1. Celebrar a Constituição da República Portuguesa (CRP) é recordar também os 40 anos de paz, liberdade e progresso social que – pesem os avanços e recuos – nos permitiram distanciar da ditadura prepotente, retrógrada, inigualitária e injusta que nos governou até ao 25 de abril.
Para os que, da minha geração, viveram ainda esses tempos negros da história, mas puderam depois fazer a maioria da sua vida regidos já pela nova lei fundamental da República, recordar a época em que a Constituinte aprovou o seu texto é sempre comovente e reconfortante.
2. O Presidente da República propôs recentemente que a CRP fosse ensinada nas escolas.
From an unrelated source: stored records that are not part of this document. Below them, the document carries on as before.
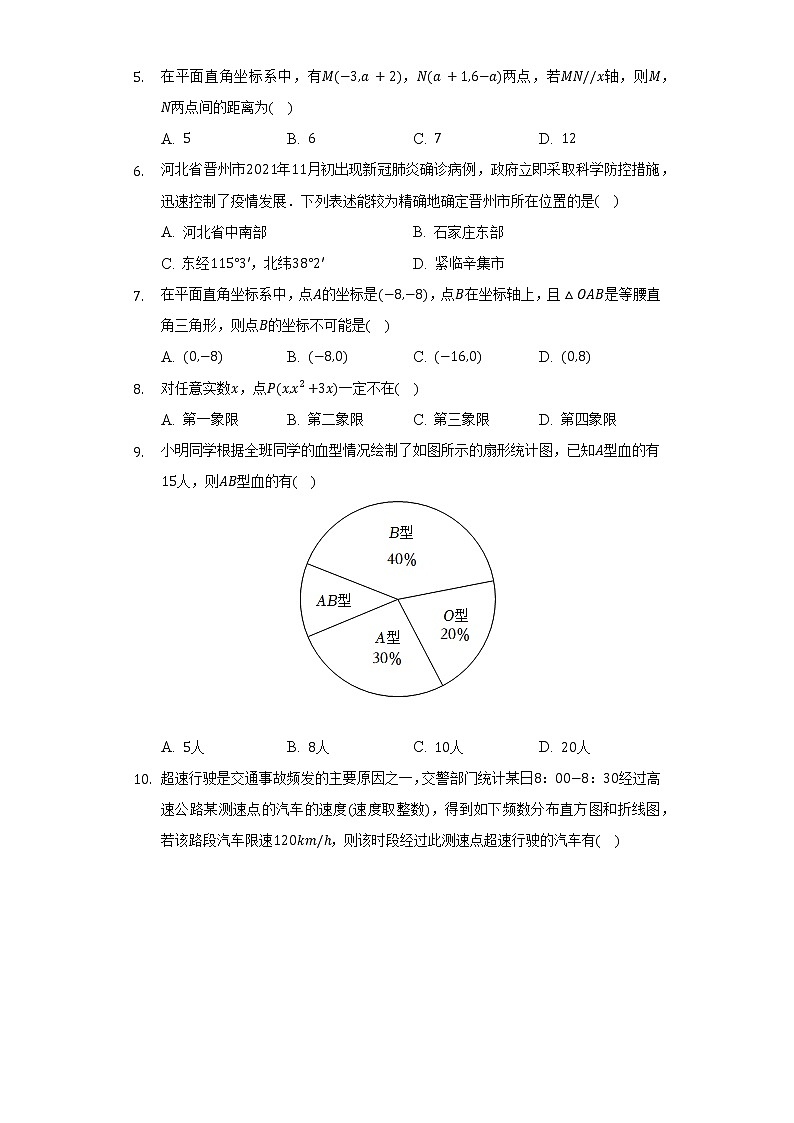 2021-2022学年河北省石家庄市晋州市八年级（下）期中数学试卷（含解析）第2页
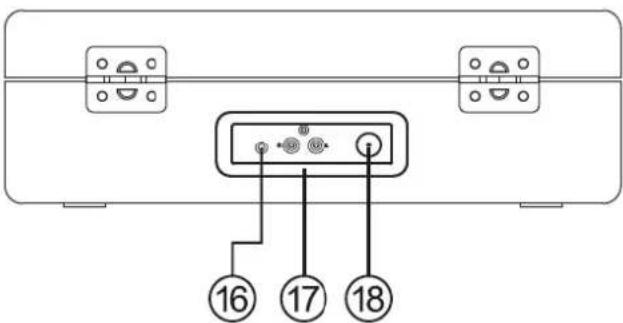 Classic Phono TT120 - Ubicación de los controlles - 3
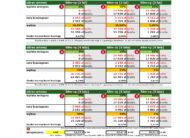 JETOUR T2 2026 2.0 7DCT Real Time 4WD metalik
É, sem dúvida, uma boa ideia.
Ninguém melhor do que ele – sobretudo pela sua atual posição institucional, mas também por ter sido um dos constituintes que a aprovou – estava em posição de, por todos, fazer tal proposta.
Esta só merece, porém, ser discutida e ensinada se o for de maneira aberta e participada.
Como professor de Direito Constitucional, o Presidente tem – estou seguro – uma leitura não textual da CRP que não deixará de se refletir em tal proposta.
3. Muitos são hoje os que, não rejeitando abertamente os princípios constitucionais implícitos no texto da CRP, são, todavia, capazes de os abraçar de mente sã.
Tais princípios – tal como interpretados pelo Tribunal Constitucional – são, porém, os que dão vida e atualidade à CRP.
São eles, de resto, que nos permitem participar da cultura constitucional mundial, desenvolvida nas diversas declarações internacionais sobre direitos civis, políticos e sociais.
A jurisprudência do Tribunal Constitucional faz, por isso, parte do entendimento e da vivência atuais da CRP.
4. Alguns teóricos do bloco de interesses que, na prática, tem dirigido o país procuram cavar uma diferença profunda na vinculação jurídica entre direitos constitucionais.
Fundam-se no argumento falacioso de que os direitos sociais – ao contrário dos civis – são onerosos e que, portanto, a sua concretização depende das possibilidades financeiras e do desenvolvimento económico do país.
Tal interpretação esquece – por irreflexão ou má-fé – que todos os direitos são, afinal, onerosos.
Nada mais caro para o Estado do que manter parlamento, governo, tribunais, forças armadas, polícias, conservatórias, notários e entidades reguladoras, com a intenção justa de assegurar a soberania, a paz, as liberdades cívicas e políticas e o próprio direito de propriedade privada.
5. Recentemente, devido à intervenção da troika, as liberdades políticas do país – o poder de este decidir da governação – foram condicionadas pela sua situação económica.
O mesmo se aplica aos cidadãos: quem não gozar de direitos sociais que lhe garantam uma vida autónoma vê condicionada a capacidade para exercer os seus direitos políticos e liberdades cívicas.
Por outro lado – sabemos – só a existência de direitos civis e políticos tem permitido aos portugueses defender, em paz, a CRP e a concretização dos direitos sociais.
Uma das virtudes da CRP é, precisamente, a de ter encontrado soluções equilibradas para a conjunção prática de ambos os grupos de direitos.
6. Aquilo a que a CRP procura dar corpo no seu ecletismo cultural e político é, afinal, à ideia complexa de “dignidade da pessoa humana”.
A dignidade de uma pessoa jamais pode ser perspetivada, porém, se lhe for amputada qualquer das dimensões de direitos que integram a CRP.
Defender e ensinar a CRP terá de significar, por isso, explicar todo o seu sentido e os princípios em que assenta.